Subversion (from the Latin word subvertere, ‘overthrow’) refers to a process by which the values and principles of a system in place are contradicted or reversed, in an attempt to transform the established social order and its structures of power, authority, hierarchy, and social norms. Subversion can be described as an attack on the public morale; while it is generally used to describe political + bureaucratic events, it also has a historical meaning in the United States’ approach to food production + distribution.

Centralized food systems came into power almost immediately after World War II. Black Indigenous, Afro-Americans, and Native Americans had largely stewarded a significant portion of the food supply. They were replaced by a system created by a few private wartime conglomerates who turned themselves into agricultural operations, removing centuries-old regenerative practices to install the current synthesized chemical, petroleum, soy, and gmo-based practices still imposed today.

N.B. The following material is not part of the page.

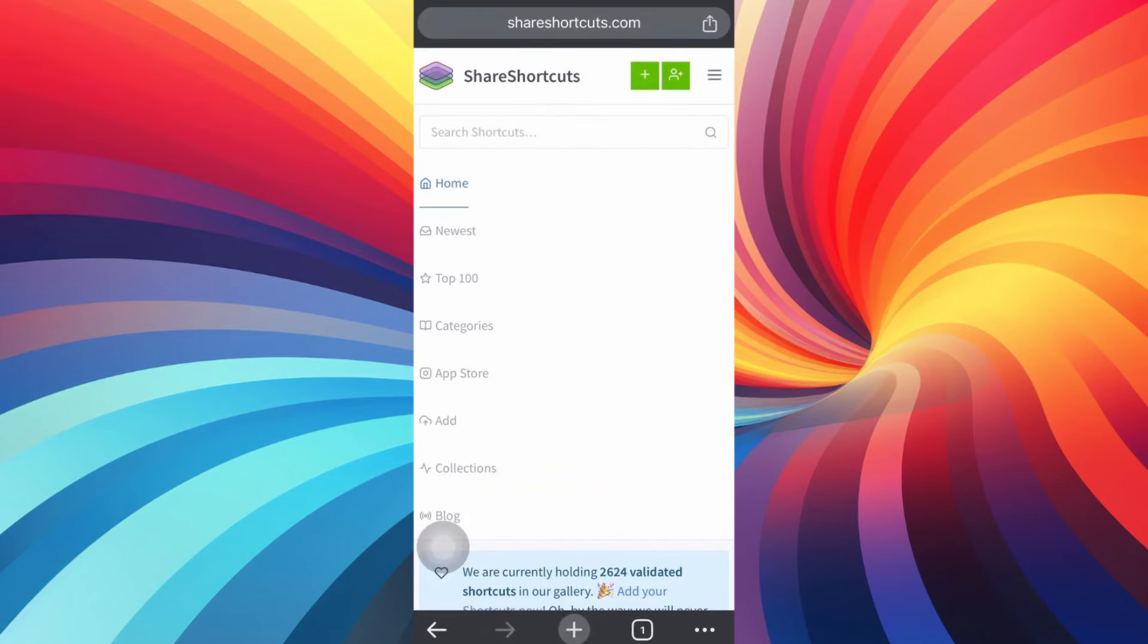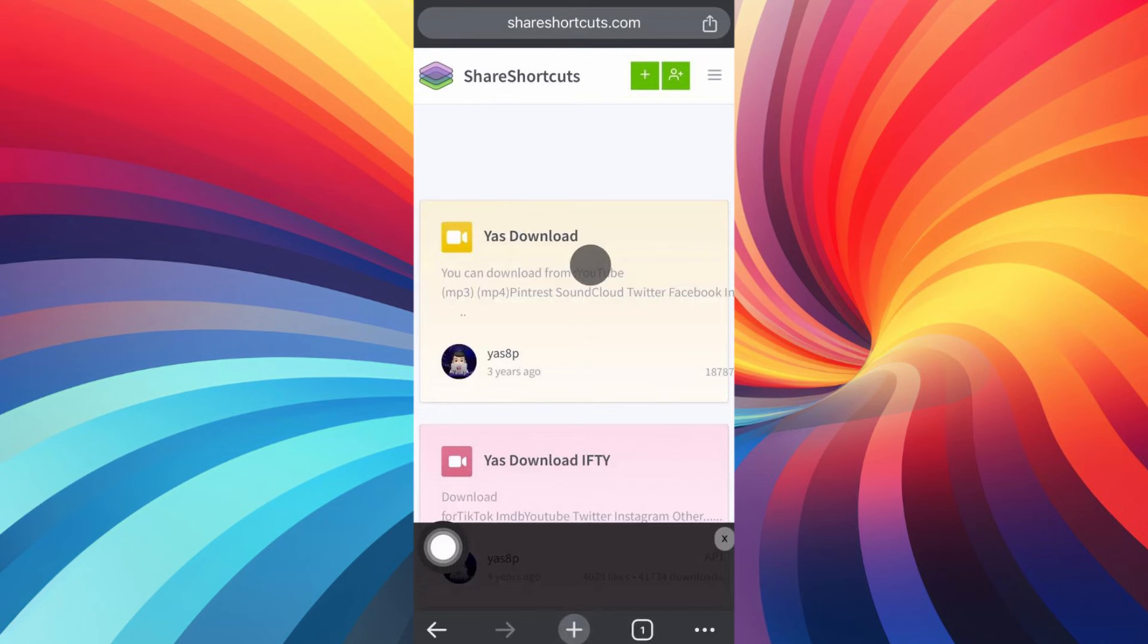So let's get started. The first step you'll have to do is go to your browser and now go into shareshortcuts.com. In here, go to the search bar and search for just Download. Now click on the first one and click on download shortcut.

They began with blatant propaganda films (shown in theaters before the main feature, and later in general TV programming) with “farm of the future” type themes, easily influencing the dominant population into accepting and embracing a culture of chemical treatments in their small farms, communities, and home gardens.


The Chicken of Tomorrow, 1948
This short documentary was created to show poultry farmers the progress made in a three-year program to “build a better chicken” via petroleum-based products.
(https://archive.org/details/Chickeno1948)

Protect Poultry Profits, 1952
A film on how pharmaceuticals could be used to treat diseases in chickens.(https://archive.org/details/0148_Protecting_Poultry_Profits)

Beginning of the End, 1957
This b-movie drama features a journalist who tries to get the scoop on giant grasshoppers accidentally created at a university’s experimental farm, despite a military coverup.
(https://archive.org/details/BeginningoftheEnd_201509)


Result: Over 70 years after the wartime conglomerates’ campaign, industrial agriculture systems have completely degraded soil health: insecticides + herbicides have created a super-weeds epidemic at every scale and drastically reduced the pollinator population, and fertilizer + waste runoff spawned widespread aquatic dead zones.